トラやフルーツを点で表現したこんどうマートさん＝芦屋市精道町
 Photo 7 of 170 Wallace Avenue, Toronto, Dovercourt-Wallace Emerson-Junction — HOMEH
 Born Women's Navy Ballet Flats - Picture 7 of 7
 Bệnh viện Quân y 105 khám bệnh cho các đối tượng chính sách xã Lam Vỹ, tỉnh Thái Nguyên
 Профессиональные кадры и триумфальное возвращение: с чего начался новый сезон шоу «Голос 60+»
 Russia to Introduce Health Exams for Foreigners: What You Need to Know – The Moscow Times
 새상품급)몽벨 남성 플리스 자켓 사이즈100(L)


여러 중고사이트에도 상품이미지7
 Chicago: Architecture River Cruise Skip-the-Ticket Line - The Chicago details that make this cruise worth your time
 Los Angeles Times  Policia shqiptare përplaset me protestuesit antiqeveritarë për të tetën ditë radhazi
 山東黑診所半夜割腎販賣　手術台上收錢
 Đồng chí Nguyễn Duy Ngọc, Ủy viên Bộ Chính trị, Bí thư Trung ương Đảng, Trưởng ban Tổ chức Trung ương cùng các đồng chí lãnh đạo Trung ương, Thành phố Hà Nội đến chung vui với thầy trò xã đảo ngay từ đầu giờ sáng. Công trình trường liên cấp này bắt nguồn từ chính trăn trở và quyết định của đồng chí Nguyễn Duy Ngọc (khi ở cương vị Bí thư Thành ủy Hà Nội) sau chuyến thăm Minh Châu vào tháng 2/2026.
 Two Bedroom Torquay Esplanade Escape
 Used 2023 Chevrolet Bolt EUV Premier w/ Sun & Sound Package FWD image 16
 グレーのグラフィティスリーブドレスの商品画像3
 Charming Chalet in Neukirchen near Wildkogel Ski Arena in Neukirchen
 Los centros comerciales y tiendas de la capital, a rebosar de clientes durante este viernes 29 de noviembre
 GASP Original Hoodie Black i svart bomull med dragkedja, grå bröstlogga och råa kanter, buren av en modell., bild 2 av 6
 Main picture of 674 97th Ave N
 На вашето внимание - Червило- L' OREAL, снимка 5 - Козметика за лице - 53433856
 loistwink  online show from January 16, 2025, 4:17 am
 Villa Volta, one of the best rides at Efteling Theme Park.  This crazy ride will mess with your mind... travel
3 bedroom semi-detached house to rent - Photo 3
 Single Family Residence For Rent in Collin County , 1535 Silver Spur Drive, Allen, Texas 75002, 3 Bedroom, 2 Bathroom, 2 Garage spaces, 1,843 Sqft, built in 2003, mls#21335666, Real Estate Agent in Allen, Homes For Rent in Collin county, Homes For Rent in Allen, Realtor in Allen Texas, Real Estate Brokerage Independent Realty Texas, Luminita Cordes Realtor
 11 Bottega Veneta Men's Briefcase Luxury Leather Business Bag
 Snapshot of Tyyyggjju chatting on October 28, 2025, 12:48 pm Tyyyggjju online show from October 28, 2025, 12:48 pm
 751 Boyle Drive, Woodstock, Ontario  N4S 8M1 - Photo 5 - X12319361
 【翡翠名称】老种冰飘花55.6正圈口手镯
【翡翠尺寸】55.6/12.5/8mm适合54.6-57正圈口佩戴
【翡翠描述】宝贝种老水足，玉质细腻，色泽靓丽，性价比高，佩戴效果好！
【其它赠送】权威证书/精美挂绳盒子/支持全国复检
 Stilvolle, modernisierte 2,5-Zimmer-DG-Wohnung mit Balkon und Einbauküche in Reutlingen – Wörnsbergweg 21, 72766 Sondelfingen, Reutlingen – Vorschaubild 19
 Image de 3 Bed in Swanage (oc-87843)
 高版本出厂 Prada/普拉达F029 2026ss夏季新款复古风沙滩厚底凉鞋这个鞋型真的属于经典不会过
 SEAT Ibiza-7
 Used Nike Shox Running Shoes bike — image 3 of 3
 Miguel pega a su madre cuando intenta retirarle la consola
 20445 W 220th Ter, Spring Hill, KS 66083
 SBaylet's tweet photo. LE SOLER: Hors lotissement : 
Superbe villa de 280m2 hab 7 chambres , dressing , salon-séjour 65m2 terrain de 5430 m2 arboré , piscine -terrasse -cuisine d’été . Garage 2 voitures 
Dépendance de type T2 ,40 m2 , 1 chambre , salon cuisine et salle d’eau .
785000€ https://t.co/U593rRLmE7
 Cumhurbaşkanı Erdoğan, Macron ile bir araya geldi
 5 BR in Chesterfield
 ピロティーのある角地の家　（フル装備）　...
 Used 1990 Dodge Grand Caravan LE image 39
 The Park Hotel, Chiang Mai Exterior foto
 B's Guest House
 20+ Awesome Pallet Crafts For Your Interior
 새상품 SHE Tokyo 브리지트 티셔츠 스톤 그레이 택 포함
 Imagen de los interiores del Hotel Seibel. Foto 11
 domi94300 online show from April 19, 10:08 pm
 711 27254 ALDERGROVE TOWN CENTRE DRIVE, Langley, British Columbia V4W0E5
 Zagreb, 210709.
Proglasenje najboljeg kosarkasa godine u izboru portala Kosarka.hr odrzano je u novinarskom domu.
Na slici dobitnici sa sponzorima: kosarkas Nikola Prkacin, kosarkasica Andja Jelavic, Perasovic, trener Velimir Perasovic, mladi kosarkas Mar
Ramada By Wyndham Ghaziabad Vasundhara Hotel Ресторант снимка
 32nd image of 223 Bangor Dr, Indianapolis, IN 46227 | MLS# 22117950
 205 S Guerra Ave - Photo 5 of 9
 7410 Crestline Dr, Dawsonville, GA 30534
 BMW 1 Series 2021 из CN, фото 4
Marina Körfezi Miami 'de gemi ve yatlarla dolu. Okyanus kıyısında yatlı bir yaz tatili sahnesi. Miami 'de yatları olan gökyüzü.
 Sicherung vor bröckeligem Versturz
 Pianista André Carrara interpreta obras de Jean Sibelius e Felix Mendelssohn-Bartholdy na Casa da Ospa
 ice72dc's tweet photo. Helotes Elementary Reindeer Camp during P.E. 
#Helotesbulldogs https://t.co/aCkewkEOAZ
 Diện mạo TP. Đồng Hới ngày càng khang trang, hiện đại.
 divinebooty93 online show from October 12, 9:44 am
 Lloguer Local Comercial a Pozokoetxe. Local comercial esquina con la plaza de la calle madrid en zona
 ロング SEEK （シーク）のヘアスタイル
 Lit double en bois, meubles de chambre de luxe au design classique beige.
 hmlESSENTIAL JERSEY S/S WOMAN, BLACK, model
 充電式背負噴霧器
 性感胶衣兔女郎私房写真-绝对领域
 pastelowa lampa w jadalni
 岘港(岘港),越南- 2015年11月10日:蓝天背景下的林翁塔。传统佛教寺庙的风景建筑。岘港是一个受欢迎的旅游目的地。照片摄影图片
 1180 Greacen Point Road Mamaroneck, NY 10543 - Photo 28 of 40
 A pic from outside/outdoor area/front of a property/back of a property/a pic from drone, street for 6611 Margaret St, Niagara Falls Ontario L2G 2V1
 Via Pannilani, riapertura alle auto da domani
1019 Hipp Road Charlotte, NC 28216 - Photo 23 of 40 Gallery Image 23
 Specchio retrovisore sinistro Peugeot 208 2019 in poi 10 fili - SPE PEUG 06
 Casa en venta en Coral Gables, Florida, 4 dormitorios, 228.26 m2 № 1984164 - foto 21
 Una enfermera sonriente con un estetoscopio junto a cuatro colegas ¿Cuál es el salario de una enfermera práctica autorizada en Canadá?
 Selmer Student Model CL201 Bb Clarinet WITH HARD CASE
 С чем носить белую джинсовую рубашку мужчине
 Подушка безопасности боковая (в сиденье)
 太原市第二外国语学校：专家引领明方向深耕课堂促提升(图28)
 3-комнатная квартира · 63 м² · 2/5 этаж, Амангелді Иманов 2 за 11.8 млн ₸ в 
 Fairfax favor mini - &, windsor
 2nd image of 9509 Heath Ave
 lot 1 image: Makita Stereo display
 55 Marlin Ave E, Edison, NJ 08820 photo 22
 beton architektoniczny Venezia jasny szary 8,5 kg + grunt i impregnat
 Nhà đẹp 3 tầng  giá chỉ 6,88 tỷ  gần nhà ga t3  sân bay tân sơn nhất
**********
Requirement
From the records above, retype only the lines starting at the line that contains "Villa Volta, one" and ending at the line that contains "3 bedroom semi-detached", both included.

Solution
 Villa Volta, one of the best rides at Efteling Theme Park.  This crazy ride will mess with your mind... travel
3 bedroom semi-detached house to rent - Photo 3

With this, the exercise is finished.